A new soy-based adhesive created in Jonathan Wilker's lab at Purdue University could solve such problems - although he's going to leave it up to someone else to figure out how it tastes, he said.

Wilker studies how marine animals, such as oysters and mussels, create natural adhesives. Unlike most glues you'd find in a hardware store, these adhesives are non-toxic, and many hold up underwater. While trying to re-create a new glue in his lab one day, Wilker noticed something strange.

"Things were sticking when they shouldn't have been," he said. "We found that the components being used, proteins and sugar, were reacting and turning into an adhesive."

This is the essence of Maillard chemistry, or "cooking chemistry," for those of us who aren't chemists. It happens when you grill a streak or bake bread in the oven; after a while, the edges start to brown and a savory smell fills the air. Chemically, sugars and proteins are combining to create aromatic compounds.

Usually, it takes heat to kick off this process, but Maillard chemistry is a whole class of messy reactions, and it can happen a few different ways. Products of each reaction get involved in their own reactions and can release chemicals that we experience as flavors. Describing the Maillard reaction in detail would take up an entire book alone, according to PBS.

"When foods brown, certain molecules are linking together. Proteins can connect to one another by reacting with sugars," Wilker said. "When sea creatures make their adhesives, they are also cross-linking proteins together. They use totally different chemistry, but the idea is somewhat similar; cross-linking proteins can create an adhesive."

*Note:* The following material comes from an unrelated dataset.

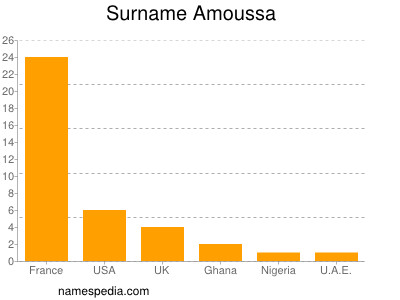 Familiennamen Amoussa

This new soy-based adhesive doesn't hold up well under water, so it probably isn't a perfect replacement for the toxic glues used in plywood and chipboard (the fumes from which, when used to build houses, can be breathed in by homeowners for many years). However, it may find use in packaging of organic-certified food products.

"Food packaging usually relies on typical petroleum-based adhesives, which can leach out toxins," Wilker said.

Not only is this new adhesive made from food components, but it's even stronger than Gorilla Glue on wood. On aluminum, it's about the same. The findings were published recently in the Journal of the American Chemical Society.

To test the strength of the adhesive, Wilker's team glued two pieces of wood or aluminum together. The far ends have a hole for a pin, and a machine pulls them in opposite directions to test their strength. The new adhesive was so strong on wood that the pin ripped through the hole.

Although the soy-based adhesive was pretty strong, the team achieved even better results with a different protein, bovine serum albumin (BSA). BSA is a generic protein often used in labs for experiments. It's cheap for researchers, but not cheap enough to make a BSA-based adhesive affordable on a large commercial scale.

"If you want to break into the adhesive market, your product needs to be cheap, high-performance, and the material also has to be available on large scales," Wilker said. "This new soy-based adhesive may be able to hit these requirements while also being grown renewably."